In 1968, Soviet journalist Lev Bezymenski published his book The Death of Adolf Hitler. Bezymenski describes a purported Soviet forensic examination and published the alleged autopsy led by Faust Shkaravsky. The book states that:

The autopsy performed by the Red Army pathologists on Hitler's body... [produced clear] findings:

The left testicle could not be found either in the scrotum or on the spermatic cord inside the inguinal canal, or in the small pelvis ...
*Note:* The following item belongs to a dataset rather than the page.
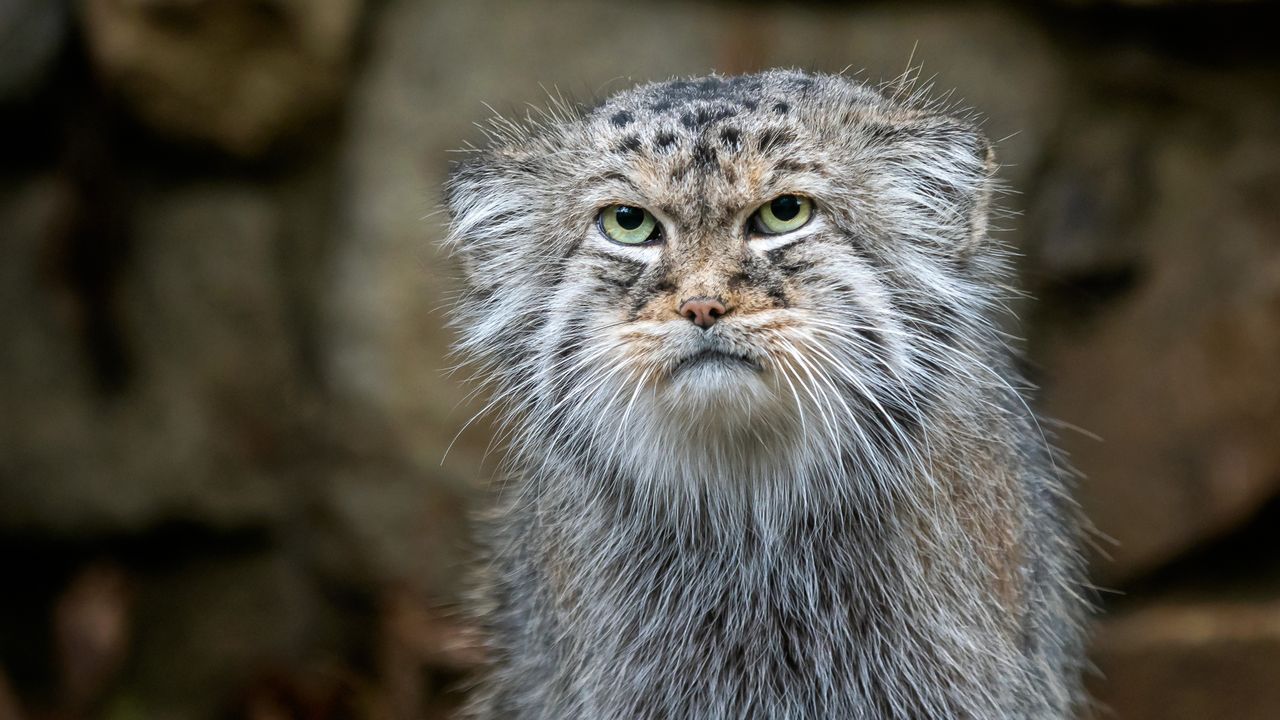 Pallas’s cat: One of the world’s oldest felines that stands on its bushy tail to keep its paws warm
Although Hitler's 1923 prison examination (only released in 2015) states that his right – not left – testicle was undescended, the Soviet report prompted psychohistorian Robert G. L. Waite to write in 1977 that he found it likely that the dictator was monorchid, citing the identification of the dental remains. However, only Hitler's dental remains were positively identified, similar to those of Eva Braun – with any remainder of his and Braun's corpses subject to debate (helping fuel survival theories). (Note: Historian Hugh Trevor-Roper wrote in 1947 that the bones should have been found intact, as they would not have been destroyed by open-air burning (in line with certain scientific studies). Contrarily, in 1950, American jurist Michael Musmanno argued that the remains would have been reduced nearly to ashes, which was repeated in 1995 by historian Anton Joachimsthaler and later by others.) Meanwhile, the Soviet book's claims that Hitler died by cyanide poisoning or even a coup de grâce, contrary to eyewitness reports, have exposed it as propaganda, (Note: This was part of a line of disinformation starting with Joseph Stalin's 1945 claim that Hitler had escaped.) as Bezymenski admitted in 1992. In 1998, American journalist Ron Rosenbaum suggested that the missing testicle was a similar falsified detail to portray Hitler as a coward, which historian Sjoerd de Boer agreed with in 2022.